Some time later it was made into a book cover for a novel. This success
inspired me to paint more and I have. I was accepted into a gallery in Bigfork,
and although my work stood out and generated a lot of buzz, only a couple of
paintings were sold. The tourists still wanted ‘official’ Montana souvenirs.
They wanted lake trout, grizzly bears, huckleberries and mountain landscapes.
They wanted Montana clichés. They wanted kitsch.
When my son was in
college in Billings and although he was close to getting his
geology degree, it was required that he take some liberal art classes. He took
one that combined art history and painting. He had to choose one famous artist
and style of art and try to replicate it. He chose Picasso. His professor was
lecturing about the styles, including cubism. He was showing students work
projected from his computer. He did a search for cubism and one of my paintings
came up. It was my “Cowboy Cubism” painting. “My dad did that!” exclaimed Ian.
His professor told him it was first-rate and that I should be able to get into
a gallery in Billings.
Ian came home on
a break and asked me to help him find a good cubist painting that he could
copy. We chose Picasso’s painting of a bearded man licking an ice cream cone
with a worm-like tongue. The intensely blue man was wearing a straw hat with
rope-like swirls and textures. The ice cream was square at the top—not round.
His ear looked like a tangled knot. His clump of bulging fingers had triangular
nails and grasped the very bottom tip of the cone.
I explained to
Ian how well the painting was designed. It was very well thought out, but it
didn’t look planned. Everything in the painting had a purpose and it wouldn’t
work well if certain things weren’t exactly the way they were. At the same
time, there’s a lot more substance to the painting than just color and design.
For example, Ian asked me why he painted the ear as a swirling knot-like shape.
It almost looked like a musical cleft from an alien world. Why didn’t he paint
the ear as it really appeared? I
explained that this painting was not an example of realism. Although Picasso
could easily draw the ear photographically, it would then contain very little
‘art.’ Art is not about drawing something photographically, even if it requires
technical ability to do it. Drawing photographically becomes more about
engineering than art. Instead, an artist shows his interpretation of reality or
how he feels about it.
Picasso painted
the ear the way he did because he wanted people to really SEE the ear and think
about the ear as if they were little children again. Babies marvel at the
newness of their experience and they observe things unfettered by past
experience and ego. Picasso wanted us to see the ear as if it was being seen
for the very first time again. We marvel at seeing such an ear. After people
see that ear they may again see ears in reality as marvelous things. Every ear
is different and new. Picasso’s art is about helping us become more alive.

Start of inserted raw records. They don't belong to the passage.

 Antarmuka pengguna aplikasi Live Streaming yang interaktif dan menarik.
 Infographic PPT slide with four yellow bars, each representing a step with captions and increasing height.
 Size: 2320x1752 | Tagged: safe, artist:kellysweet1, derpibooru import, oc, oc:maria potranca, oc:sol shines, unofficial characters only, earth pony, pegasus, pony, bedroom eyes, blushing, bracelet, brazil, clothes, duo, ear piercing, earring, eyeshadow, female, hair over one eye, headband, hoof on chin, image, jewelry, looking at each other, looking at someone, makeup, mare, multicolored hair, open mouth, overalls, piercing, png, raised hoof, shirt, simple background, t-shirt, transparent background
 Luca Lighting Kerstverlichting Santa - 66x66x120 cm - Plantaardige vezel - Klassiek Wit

Those who may resent life are able to again see it as something wonderful. It’s
about love. Similarly, the tongue darting on the square cone and the way the
hand is holding the cone suggest a delicate delicacy. Picasso wanted us to
‘see’ tasting. The flowing tongue and fingers provide a nice contrast to the
rigid triangular cone and square ice cream. It’s a intricate balance of form
and contrast. If this painting had been done realistically, it would be
forgettable. Picasso makes a common event unforgettable.
DeKOONING: “THE
KING”
Humans are programmed to process information quickly and efficiently.
Things we see every day are boiled down to equations and formulas and prioritized.

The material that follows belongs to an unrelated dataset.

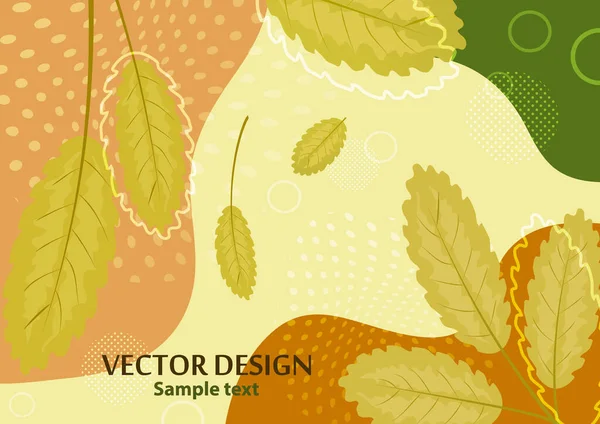 Творчий Яскравий Абстрактний Фон Листям Гілками Шаблон Вашого Дизайну Пробілом — стоковий вектор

They become symbols that are recognized on autopilot. For example, learning to
type is a process requiring brain and finger coordination. This is learned by
struggling and rote practice, but after a while it becomes effortless. The
‘robot’ inside takes over enabling us to think of the words, rather than
getting bogged down in a hunt for individual letters. The same goes for many
tasks in life including driving, brushing our teeth, playing a musical
instrument and so on. The problem is, many of us learn to go through life on
autopilot. Everything is done by rote and we end up sleepwalking through life.
P.D. Ouspensky, a Russian journalist, traveler and philosopher once said, “When one realizes one is asleep, at that
moment one is already half awake.”
Ouspensky
realized that too many of us start living their lives mostly in robotic mode.
We are put to sleep by day-to-day repetition. It’s easy to drift into a
hypnotic state due to cell phones, the Internet, TV and the mundane routine of
life. How many times have you automatically picked up your cell phone to check
it for no reason without even being aware that you’re doing it?
We are often
punished for taking risks so we choose the easiest course. People are more
comfortable with playing it safe. This happens with art too, when the same
predictable paintings are cranked out endlessly by rote.
Willem DeKooning was a Dutch artist who was able to draw
photographically. After he graduated from art school he stowed away on a
steamer headed for New York City. In the late 1920s, he got a much sought-after
job as a commercial artist for a department store. His work stood out.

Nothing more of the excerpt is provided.